**WHAT TO PRODUCE**
Please restate, exactly as they appear, only the lines from the one that contains "a woman wearing" to the final line of the entries, with no pictures.

(Captioned web image data)
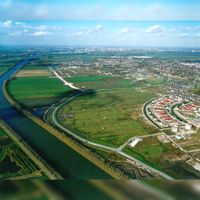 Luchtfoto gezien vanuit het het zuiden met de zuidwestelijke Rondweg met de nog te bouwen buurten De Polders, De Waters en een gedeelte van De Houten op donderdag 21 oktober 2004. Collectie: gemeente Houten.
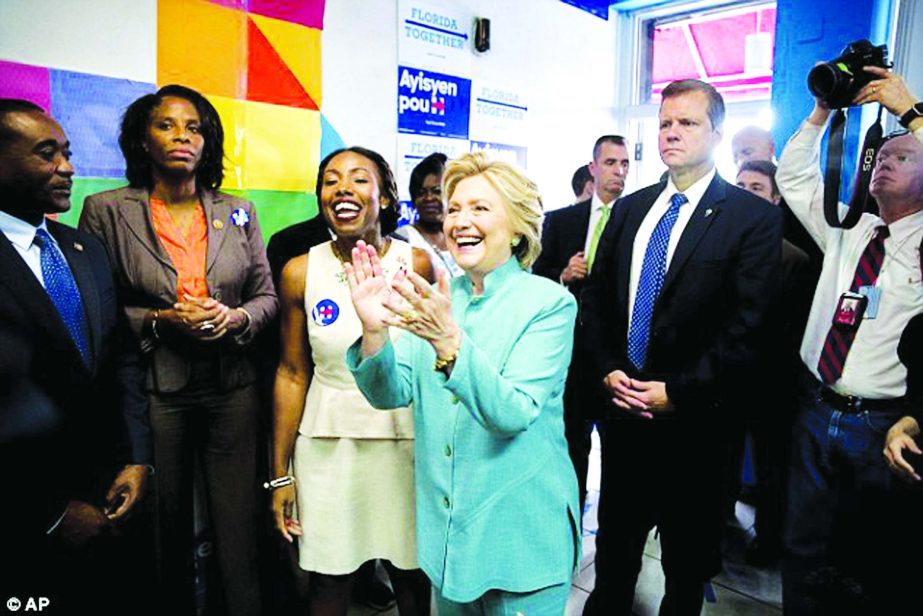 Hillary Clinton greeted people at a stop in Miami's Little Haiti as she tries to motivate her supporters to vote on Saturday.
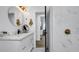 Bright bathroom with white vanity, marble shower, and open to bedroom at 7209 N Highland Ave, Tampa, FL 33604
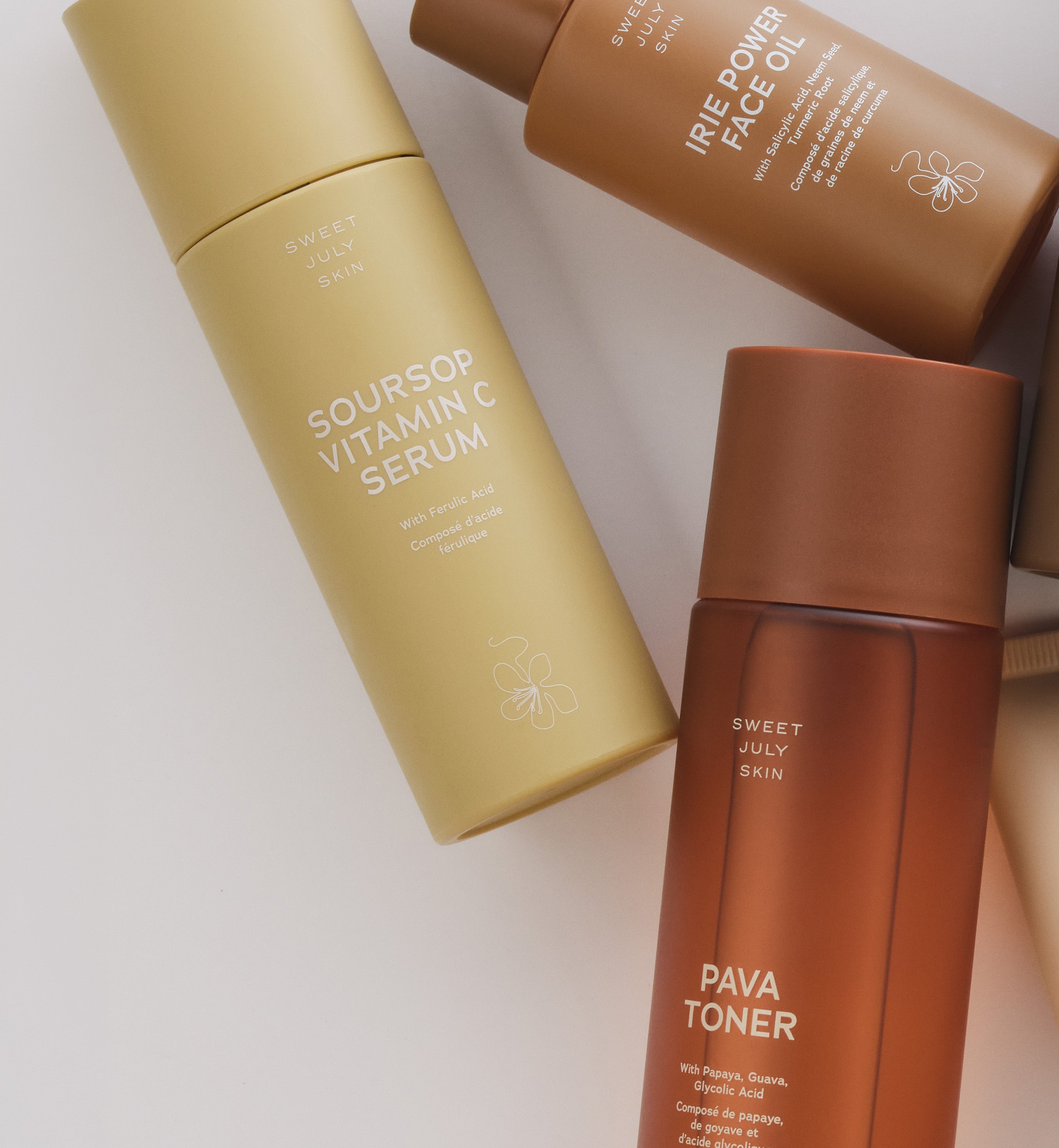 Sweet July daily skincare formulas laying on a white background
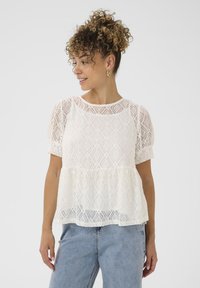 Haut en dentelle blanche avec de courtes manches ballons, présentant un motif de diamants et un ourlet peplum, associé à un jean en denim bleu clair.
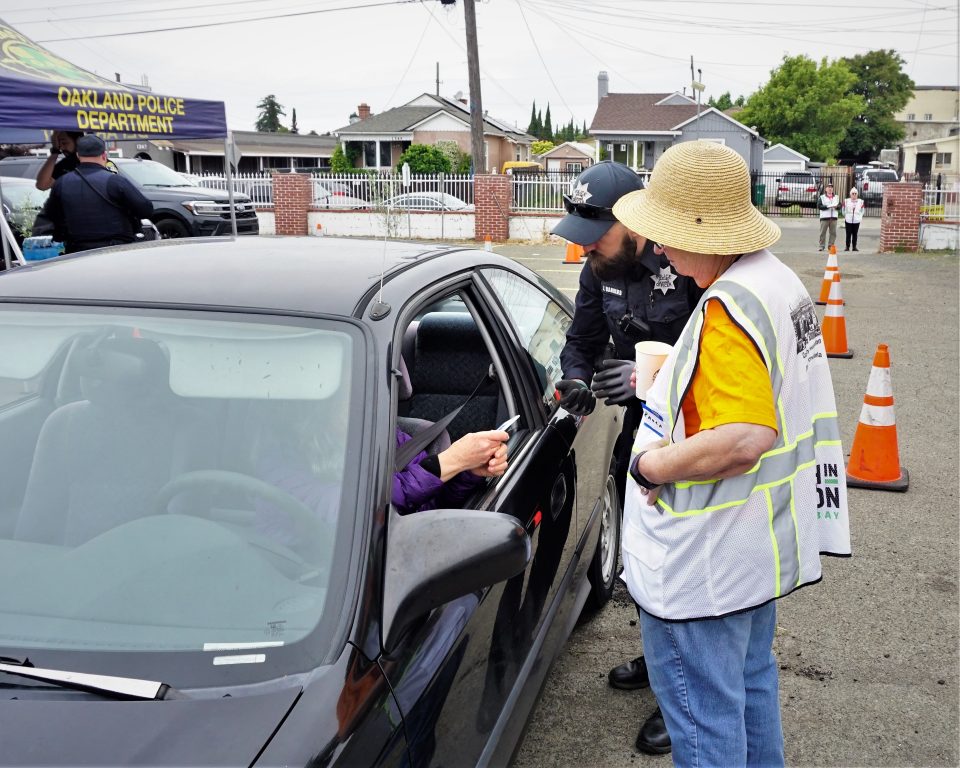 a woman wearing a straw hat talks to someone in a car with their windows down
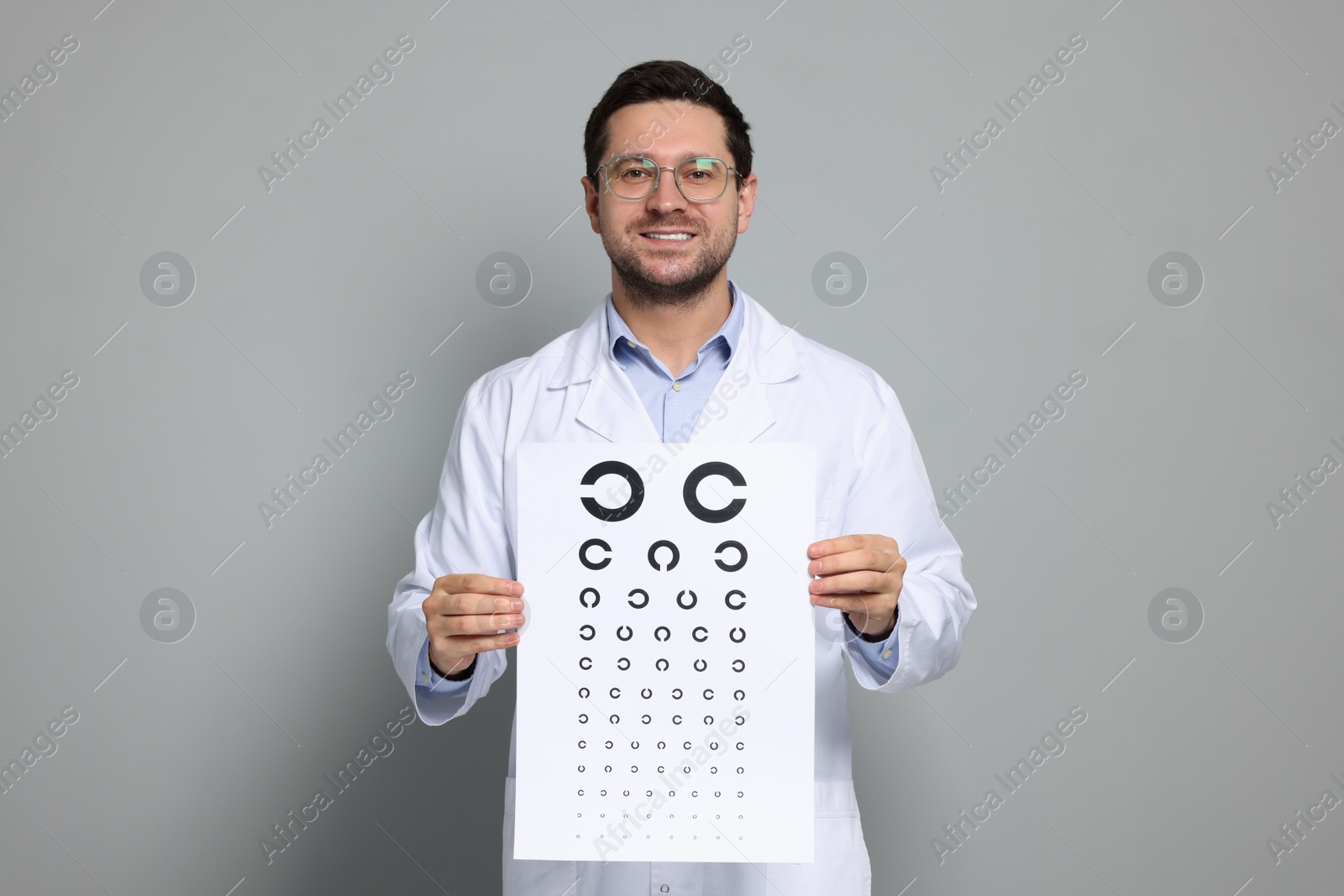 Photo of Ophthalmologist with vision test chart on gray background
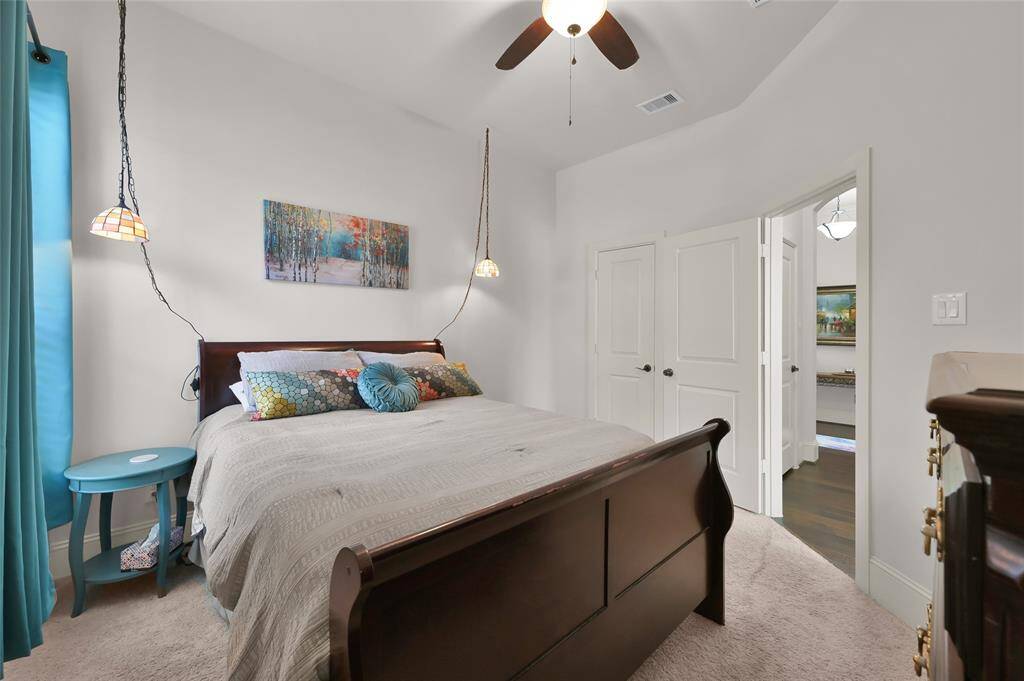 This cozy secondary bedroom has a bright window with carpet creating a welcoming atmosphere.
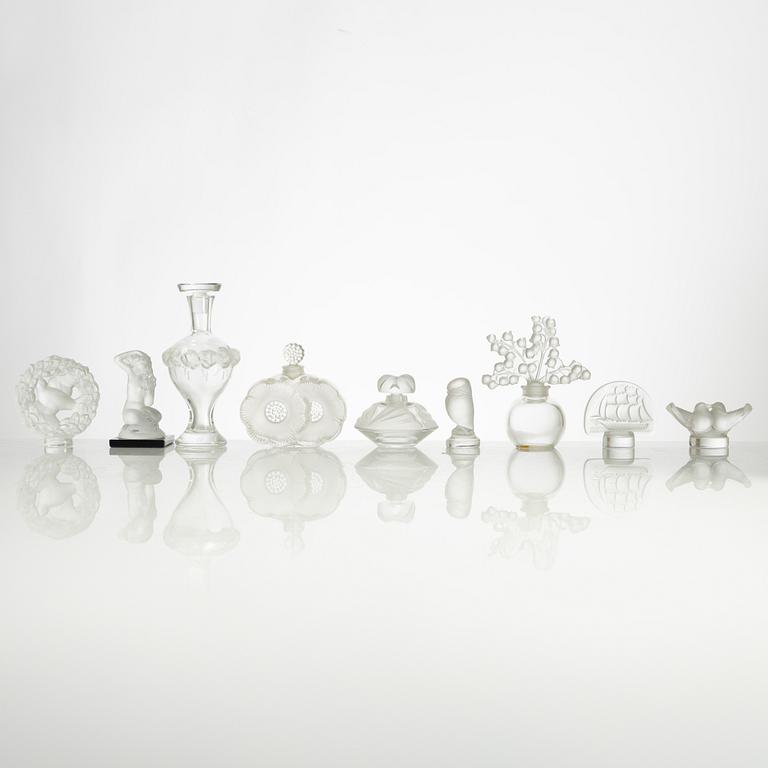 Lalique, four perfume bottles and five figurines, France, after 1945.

**SOLUTION**
 a woman wearing a straw hat talks to someone in a car with their windows down
 Photo of Ophthalmologist with vision test chart on gray background
 This cozy secondary bedroom has a bright window with carpet creating a welcoming atmosphere.
 Lalique, four perfume bottles and five figurines, France, after 1945.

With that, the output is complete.